* [Exercise material]
BEGIN

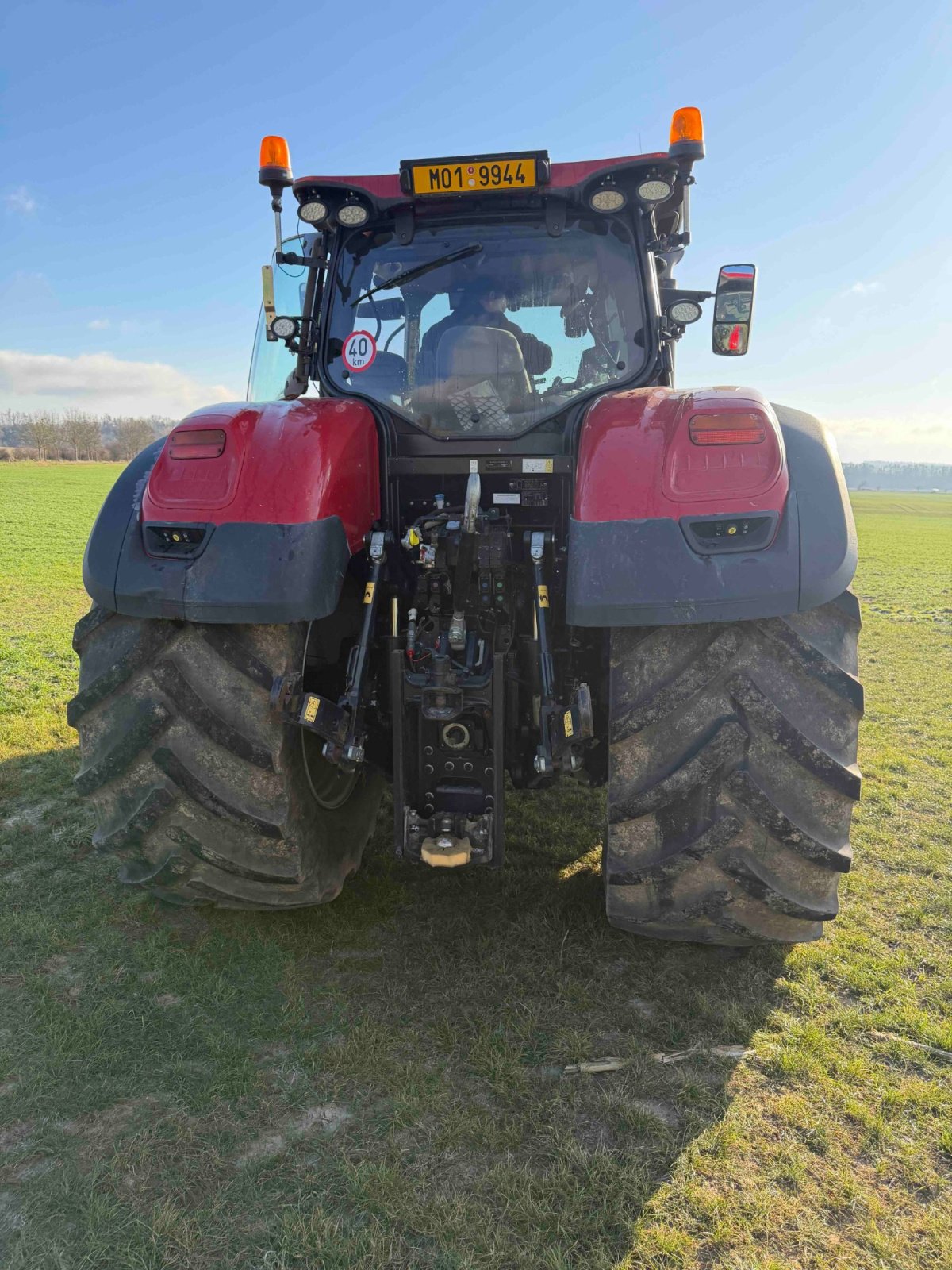 Traktor typu Case IH OPTUM 300 CVX, Gebrauchtmaschine w Ostrava - Polanka (Zdjęcie 2)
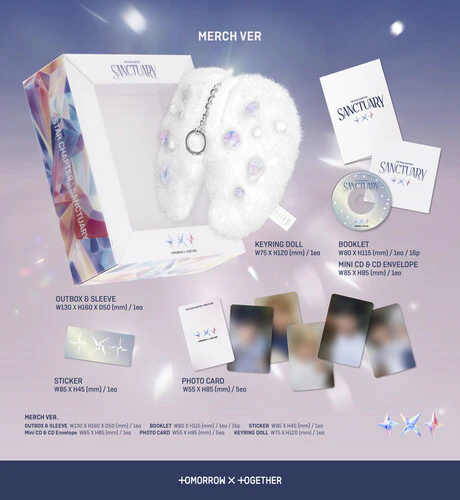 TOMORROW X TOGETHER - The Star Chapter: SANCTUARY [Merch Ver.] - Image 2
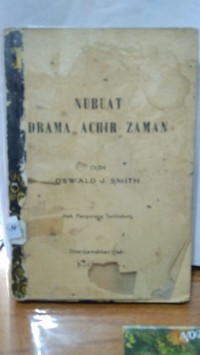 Image of Nubuatan Drama Akhir Zaman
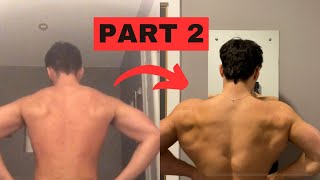 How I Grew My Back FAST Remastered [upl. by Jacob70]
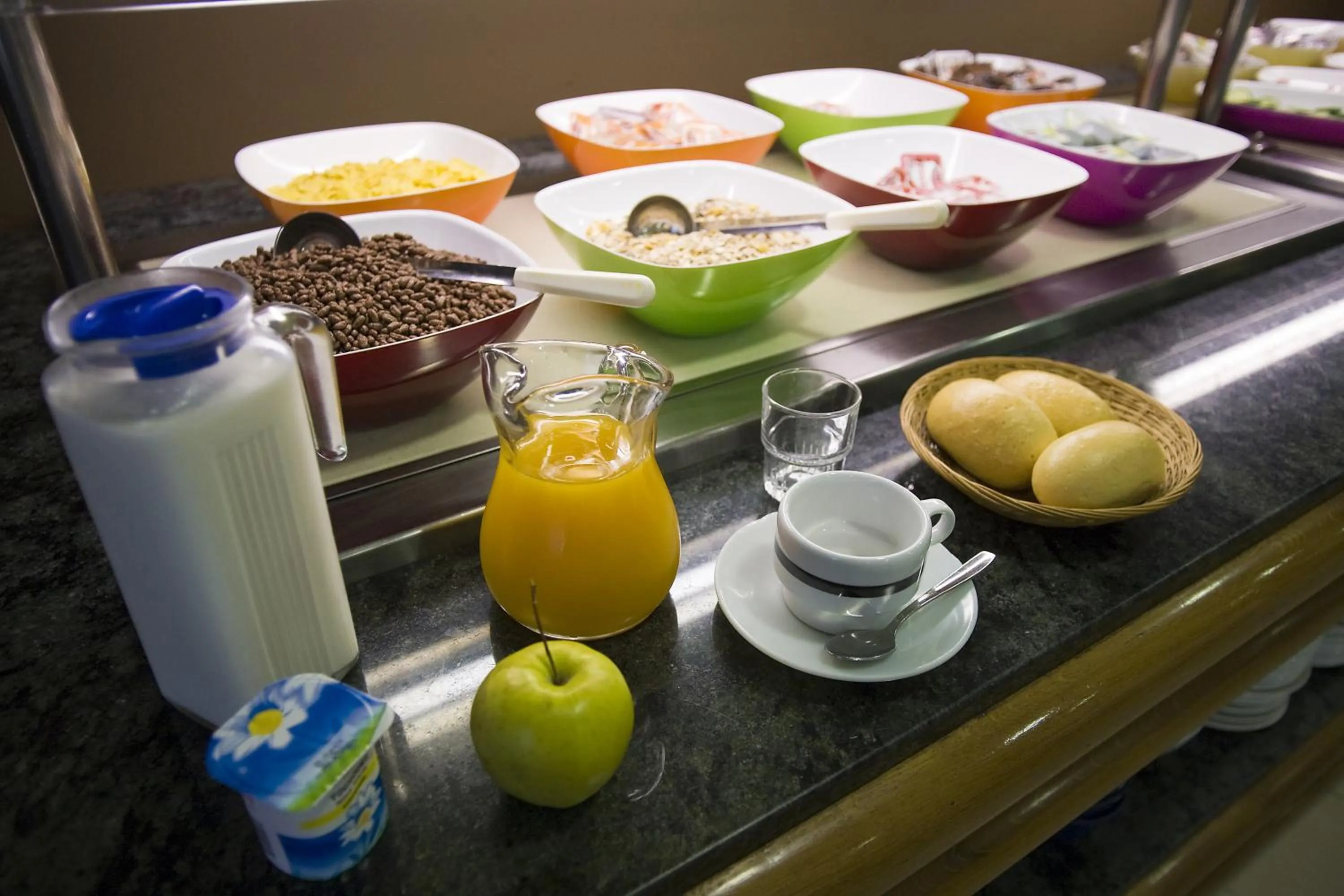 Food close-up in Hotel Norai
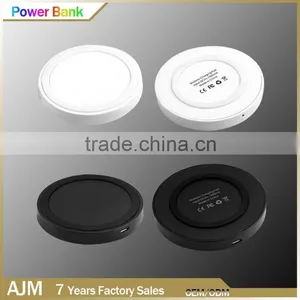 2015 New Mini Wireless Power Charger , Wireless Charge for Mobile Phone thumbnail-6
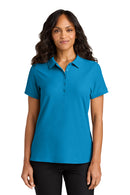 LK200 Port Authority® Women’s Wearever Signature Pique Polo-21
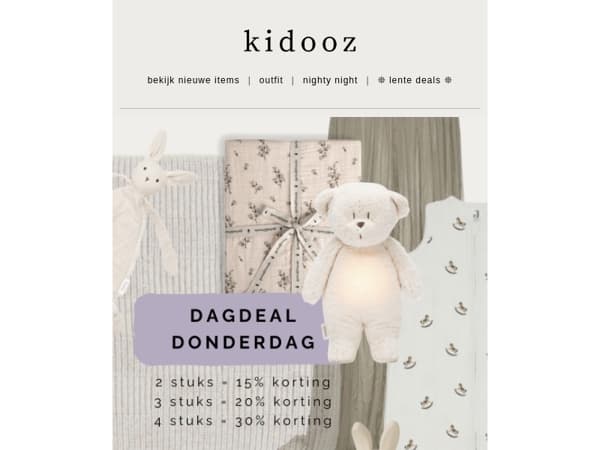ZzZ... stapelen tot -30% korting 🥱 💤 op categorie slapen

END

* [About this task] Your answer must be an exact copy of the listing, with every picture omitted.

* [Exercise solution]
 Traktor typu Case IH OPTUM 300 CVX, Gebrauchtmaschine w Ostrava - Polanka (Zdjęcie 2)
 TOMORROW X TOGETHER - The Star Chapter: SANCTUARY [Merch Ver.] - Image 2
 Image of Nubuatan Drama Akhir Zaman
 How I Grew My Back FAST Remastered [upl. by Jacob70]
 Food close-up in Hotel Norai
 2015 New Mini Wireless Power Charger , Wireless Charge for Mobile Phone thumbnail-6
 LK200 Port Authority® Women’s Wearever Signature Pique Polo-21
ZzZ... stapelen tot -30% korting 🥱 💤 op categorie slapen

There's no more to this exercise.